# Any American history buffs here?



## Jeff (Oct 28, 2008)

Good morning to you all,

"We hold these truths to be self-evident, that all men are created equal, that they are endowed by their Creator with certain unalienable Rights, that among these are Life, Liberty, and the Pursuit of Happiness."


Eighty-seven years after after Jefferson penned those words, Abraham Lincoln freed the slaves. 
A hundred forty-four years later, women obtained the right to vote.
Two hundred thirty-two years after the Declaration, a black man is President-elect of the United States of American.

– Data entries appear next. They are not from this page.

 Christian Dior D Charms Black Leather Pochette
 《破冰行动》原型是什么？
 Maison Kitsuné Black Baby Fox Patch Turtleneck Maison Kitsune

While we're breaking records here we were also making history. The President-elect of the United States of American is a black man.

Jeff

EDITED: Removed the Republican reference to avoid any controversy.


----------



## Guest (Nov 6, 2008)

Jeff said:


> Two hundred thirty-two years after the Declaration, a black man is President-elect of the United States of American. Too bad he wasn't a member of Lincoln's Republican Party, but we can't have everything.

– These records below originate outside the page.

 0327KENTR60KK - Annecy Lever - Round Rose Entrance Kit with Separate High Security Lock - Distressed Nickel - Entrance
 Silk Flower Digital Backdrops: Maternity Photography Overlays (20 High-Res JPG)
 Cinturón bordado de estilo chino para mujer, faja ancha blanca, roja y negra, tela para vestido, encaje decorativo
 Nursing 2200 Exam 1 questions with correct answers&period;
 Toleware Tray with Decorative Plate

Seems to me that the Democratic Party today is way closer to Lincoln's Republican Party than today's GOP.


----------



## pidgeon92 (Oct 27, 2008)

Speaking of Lincoln, I haven't begun it yet, but I have purchased _Team of Rivals: The Political Genius of Abraham Lincoln_ by Doris Kearns Goodwin. It's supposed to be excellent, my husband has begun it and he concurs.


----------



## Jeff (Oct 28, 2008)

You might like William Safire's Freedom, although it isn't yet available for Kindle.









​
How do you embed the URL in the image?

J


----------



## pidgeon92 (Oct 27, 2008)

Jeff said:


> How do you embed the URL in the image?


You have to nest the BBcodes. Like this:

center]url=http://www.amazon.com/Freedom-William-Safire/dp/038515903X/ref=sr_11_1?ie=UTF8&qid=1225981316&sr=11-1]img]http://www.eliscopublishing.com/images/FreedomSafire.jpg[/img[/url
[/center

I removed the opening and closing brackets of each code so you can see how it should look.


----------



## Jeff (Oct 28, 2008)

Thank you.

So here's the book as it should have looked:









​
J


----------



## Suzanne (Nov 3, 2008)

pidgeon92 said:


> Speaking of Lincoln, I haven't begun it yet, but I have purchased _Team of Rivals: The Political Genius of Abraham Lincoln_ by Doris Kearns Goodwin. It's supposed to be excellent, my husband has begun it and he concurs.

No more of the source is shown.